Note that I used this fact to break down $\text{Var}(Y_i\hat{Y}_i)$ and this fact to break down the two covariance terms.

Breaking down the covariances $\text{Cov}(\epsilon_i^2, \epsilon_j^2)$ where $i < j$, thanks to @gunes' answer (which I think used the above referenced fact about covariance):

$$ \begin{align} \text{Cov}(\epsilon_i^2, \epsilon_j^2) &= \text{Cov}(Y_i^2 - 2Y_i\hat{Y}_i + \hat{Y}_i^2, Y_j^2 - 2Y_j\hat{Y}_j + \hat{Y}_j^2) \\ &= \text{Cov}(Y_i^2, Y_j^2) - 2\text{Cov}(Y_i^2, Y_j\hat{Y}_j) + \text{Cov}(Y_i^2, \hat{Y}_j^2) \\ &\qquad - 2\text{Cov}(Y_i\hat{Y}_i, Y_j^2) + 4\text{Cov}(Y_i\hat{Y}_i, Y_j\hat{Y}_j) - 2\text{Cov}(Y_i\hat{Y}_i, \hat{Y}_j^2)\\ &\qquad + \text{Cov}(\hat{Y}_i^2, Y_j^2) - 2\text{Cov}(\hat{Y}_i^2, Y_j\hat{Y}_j) + \text{Cov}(\hat{Y}_i^2, \hat{Y}_j^2) \\ &= 0 -2(0) + 0 \\ &\qquad - 2(0) + 4\text{Cov}(Y_i\hat{Y}_i, Y_j\hat{Y}_j) - 2\text{Cov}(Y_i\hat{Y}_i, \hat{Y}_j^2) \\ &\qquad + 0 - 2\text{Cov}(\hat{Y}_i^2, Y_j\hat{Y}_j) + \text{Cov}(\hat{Y}_i^2, \hat{Y}_j^2) \\ &= 4\text{E}(Y_i)\text{E}(Y_j)\text{Cov}(\hat{Y}_i, \hat{Y}_j) - 2\text{E}(Y_i)\text{Cov}(\hat{Y}_i, \hat{Y}_j) \\ &\qquad - 2\text{E}(Y_j)\text{Cov}(\hat{Y}_i, \hat{Y}_j) + \text{Cov}(\hat{Y}_i^2, \hat{Y}_j^2) \\ &= \text{Cov}(\hat{Y}_i, \hat{Y}_j)\big( 4\text{E}(Y_i)\text{E}(Y_j) - 2(\text{E}(Y_i) + \text{E}(Y_j)) \big) + \text{Cov}(\hat{Y}_i^2, \hat{Y}_j^2). \end{align} $$

At this point, employing the assumption that we're fitting a Gaussian linear model may help.

Simulation - LASSO

See this Python notebook.

var_pred_vs_var_error

Problems with this simulation:

  1. I thought the variance in predictions decreases as the $l_1$ penalization coefficient (alpha in scikit-learn) increases. This simulation does not have this property.
  2. The plot is quite sensitive to dataset parameters. I can explore this more. But overall, the simulation doesn't provide consistent evidence for or against the hypothesis that higher variance in predictions causes higher variance in error.
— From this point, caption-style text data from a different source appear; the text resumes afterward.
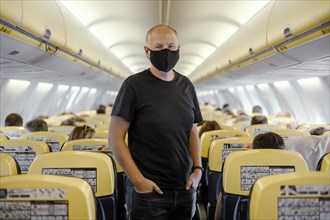 Man in protective mask standing in airplane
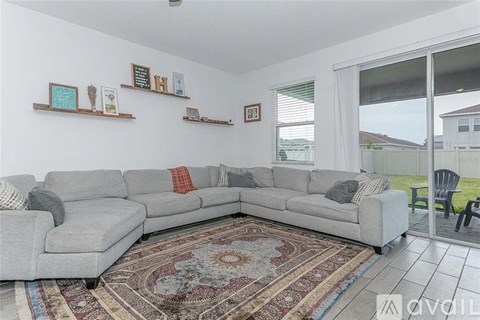 A living room with a grey sectional sofa and a rug.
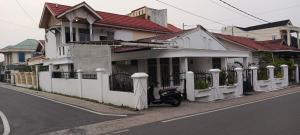 武吉丁宜Penginapan Terdekat (Near)的街上有一辆白色的房屋,上面有一辆摩托车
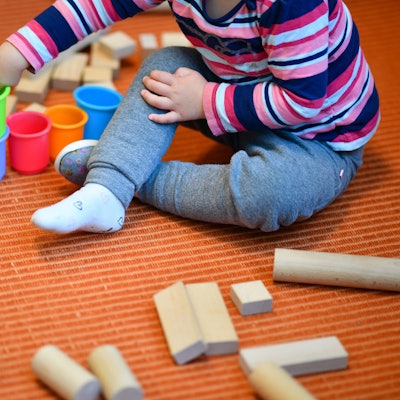 Ein Mädchen spielt in einer Kita mit bunten Bechern und Bauklötzen.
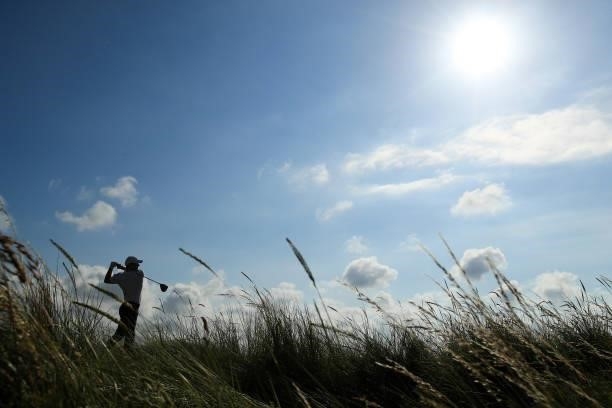 Rory McIlroy of Northern Ireland plays his shot from the ninth tee during Day One of The 149th Open at Royal St George’s Golf Club on July 15, 2021...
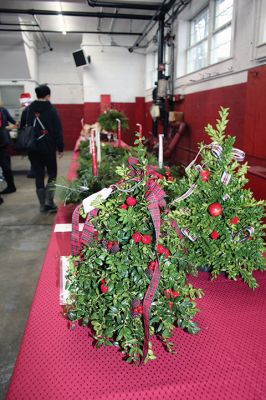 Mattapoisett Woman’s Club
Sandra Hering is decked out in Santa attire as she invites traffic to turn into Saturday morning’s sale of wreaths and other assorted Christmas decorations at the Fire Station on the corner of Route 6 and Barstow in Mattapoisett. The annual event, put on by the Mattapoisett Woman’s Club, raises money to fund a college scholarship. Photos by Mick Colageo
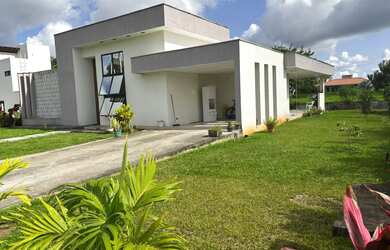 Imagem: A casa possui 4 Dormitórios, 5 Banheiros, 4 Vagas na garagem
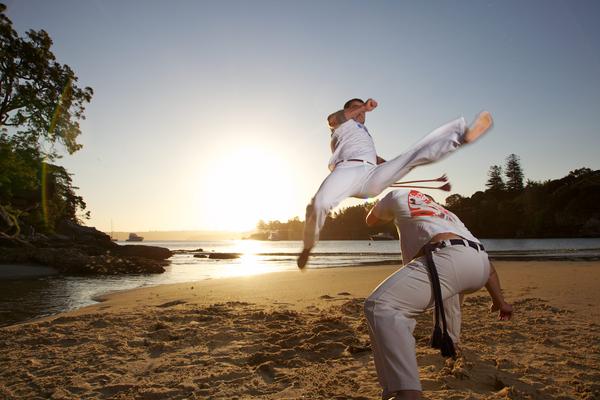 Men practicing Capoeira on the beach at sunset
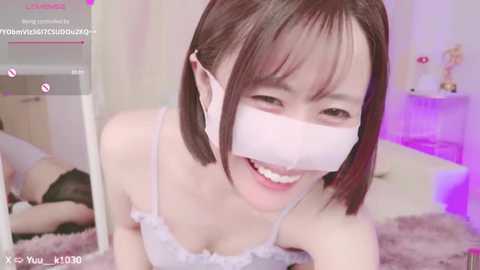 Media: Video of a smiling Asian woman with short brown hair, wearing a white face mask, pink bra, and black panties, lying on a bed with a purple blanket, in a cozy bedroom.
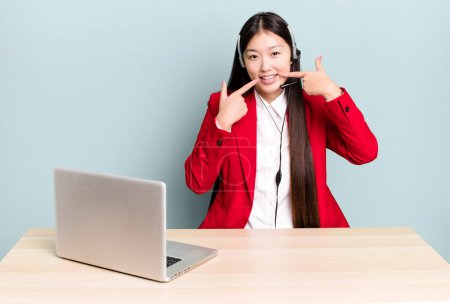 Foto de Bonita mujer asiática sonriendo con confianza señalando a su propia sonrisa amplia. concepto de escritorio de negocios - Imagen libre de derechos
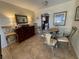 Bright dining area with glass table and four chairs, adjacent to kitchen at 2960 59Th S St # 411, Gulfport, FL 33707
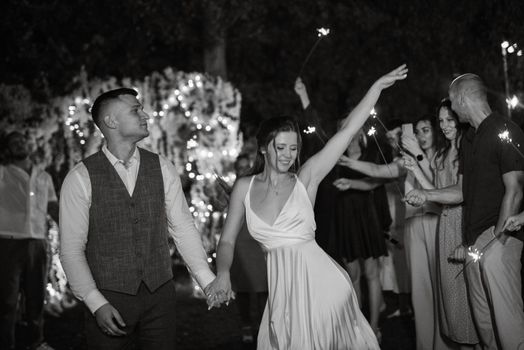 newlyweds at a wedding in the corridor of sparklers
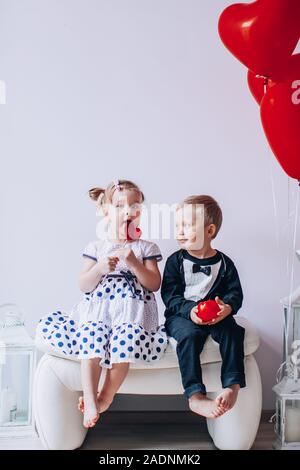 Niña y Niño sentado en una silla blanca cerca de globos con forma de corazón. Chica lamiendo un círculo rojo. Día de San Valentín concepto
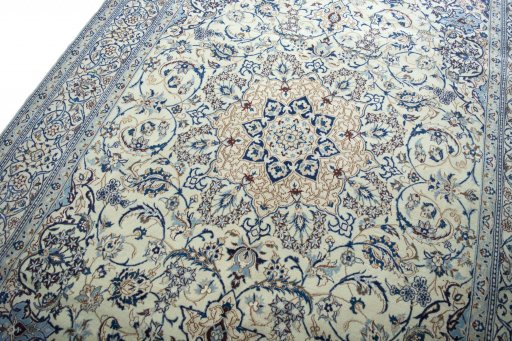 Backside of handmade New Nain rug showing knot structure and weave density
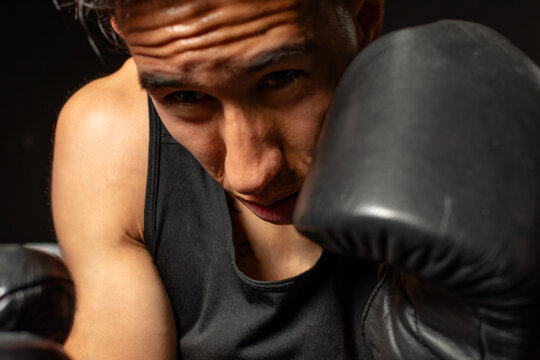 Close up Hispanic boxer protecting face with gloves during training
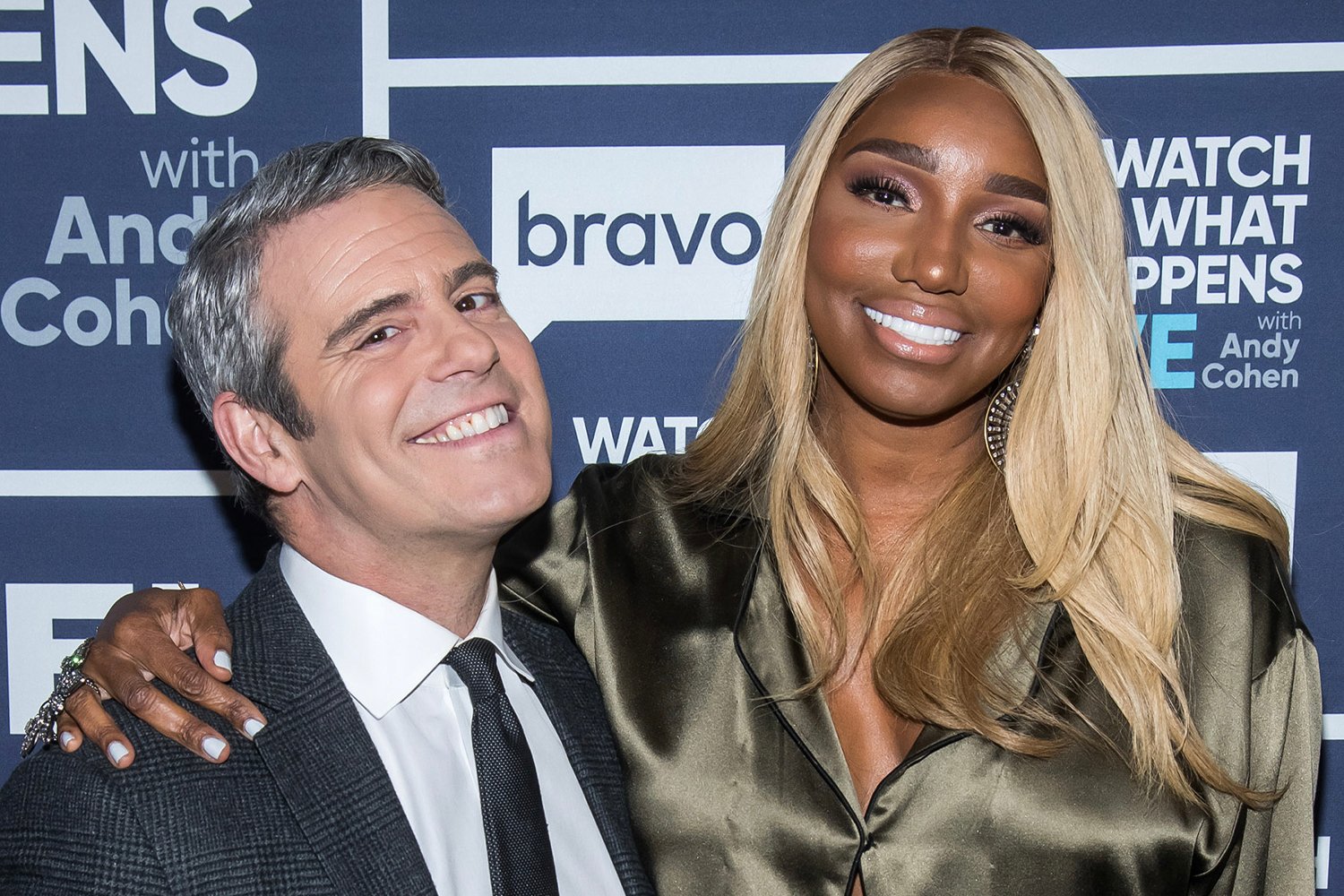 Andy Cohen and Nene Leakes smiling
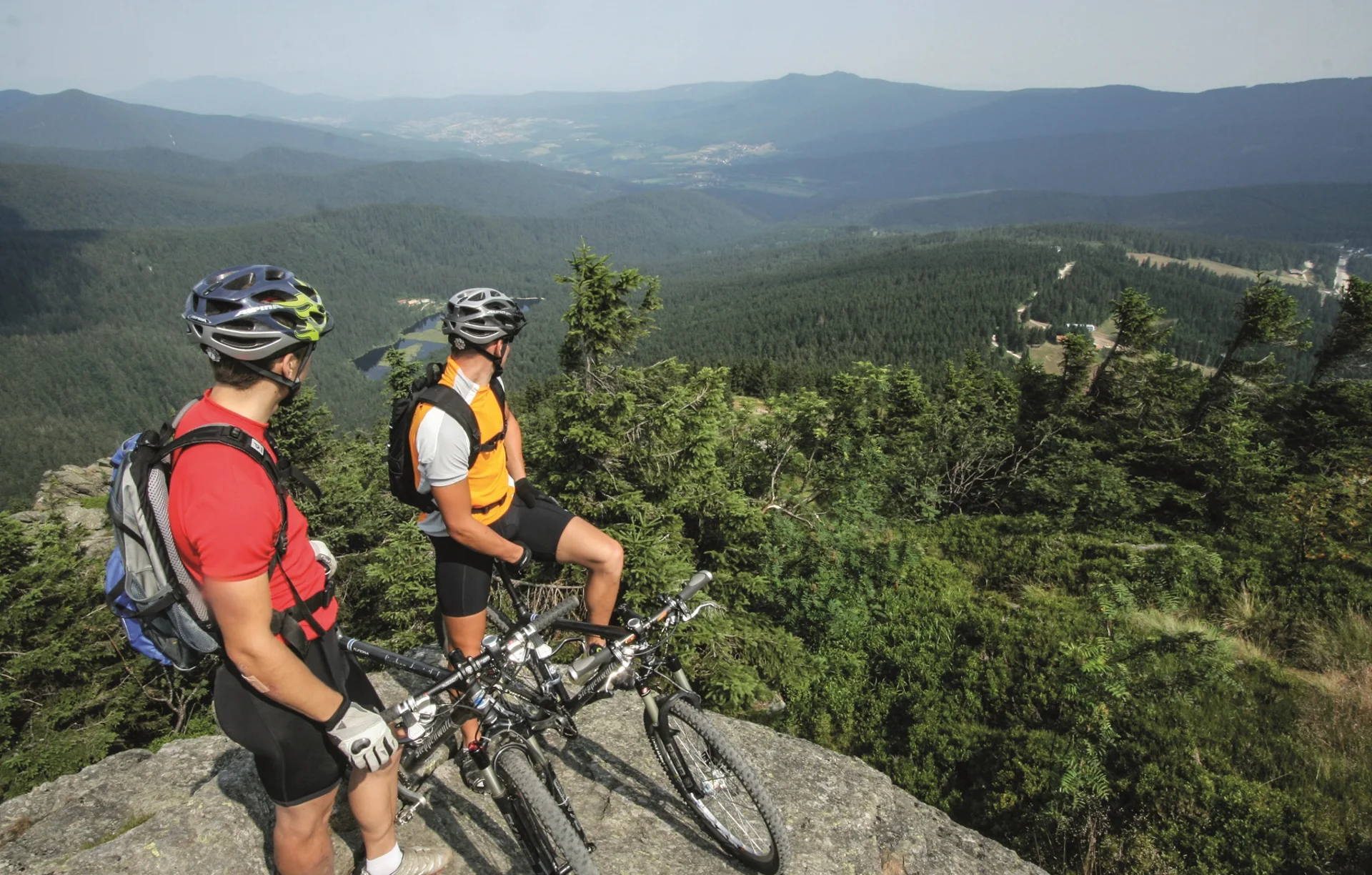 Zwei Mountainbiker mit Helm blicken auf bewaldete Berge und Tal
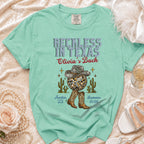 Mint green t-shirt with "Reckless in Texas Olivia's Bach" text, disco ball, cactus, and boots.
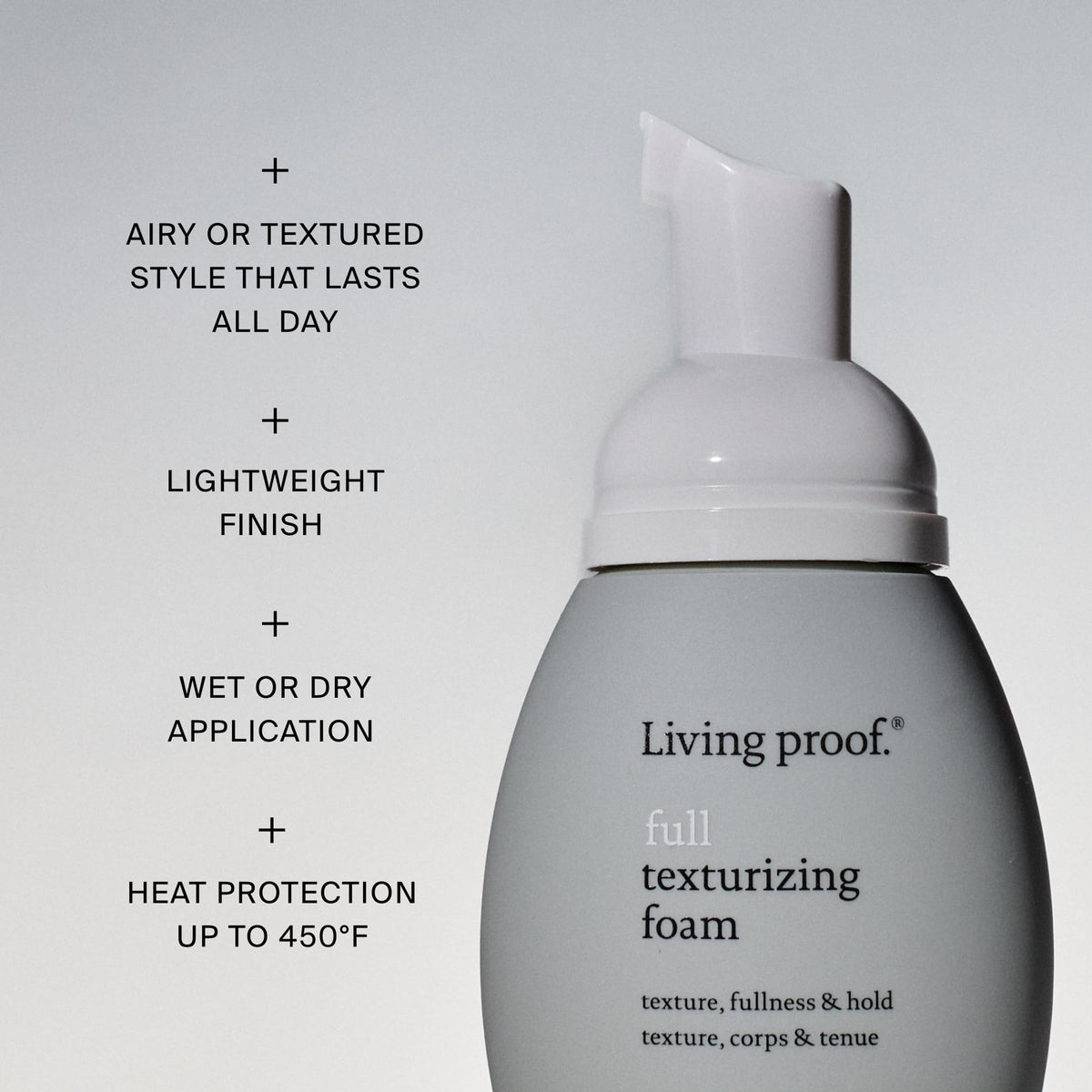 Hand applying Living Proof foam to hair for instant texture and touchable volume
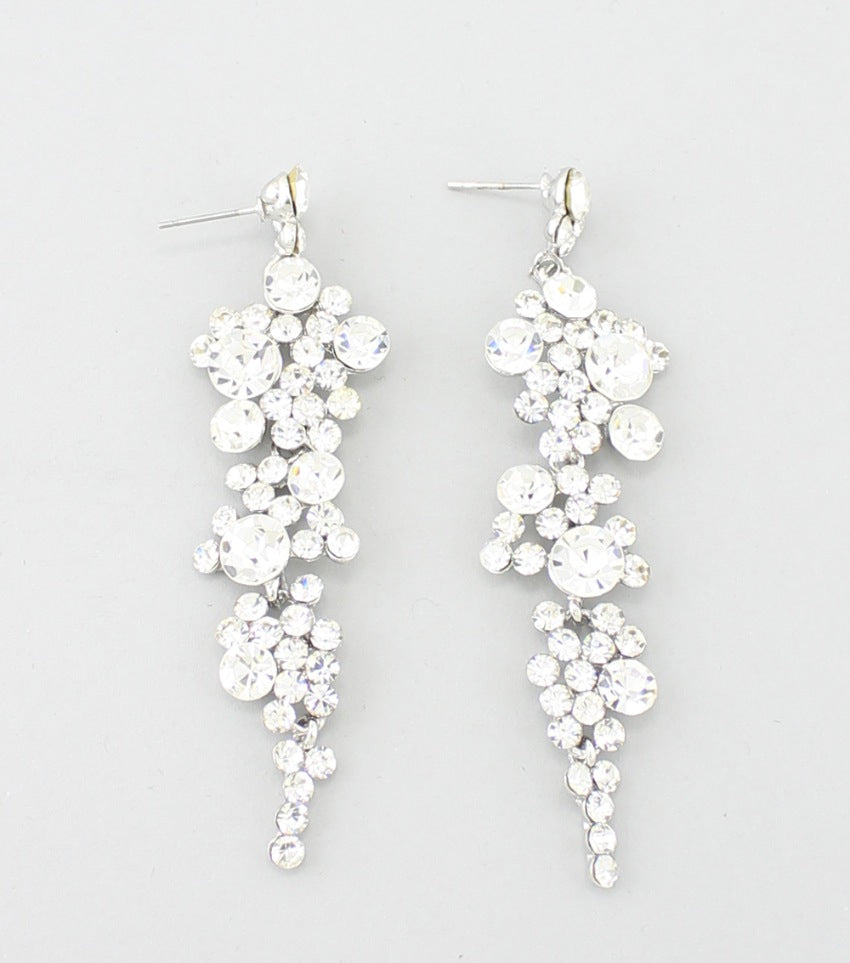 Crystal Long Dangle Earrings on silver. Shown here on a white background.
Simulation - polynomial regression

Maybe there's a weird problem with the way I estimated the total variance in predictions. To avoid estimating it I decided to directly compute it, which is straightforward for unregularized linear regression.

Note that a problem with this simulation is that it currently isn't capable of fitting significantly variant models. Fitting a polynomial regression past degree=6 screws up compute_var_preds, as it needs to compute an inverse. Perhaps there are better numerical approximations to this quantity.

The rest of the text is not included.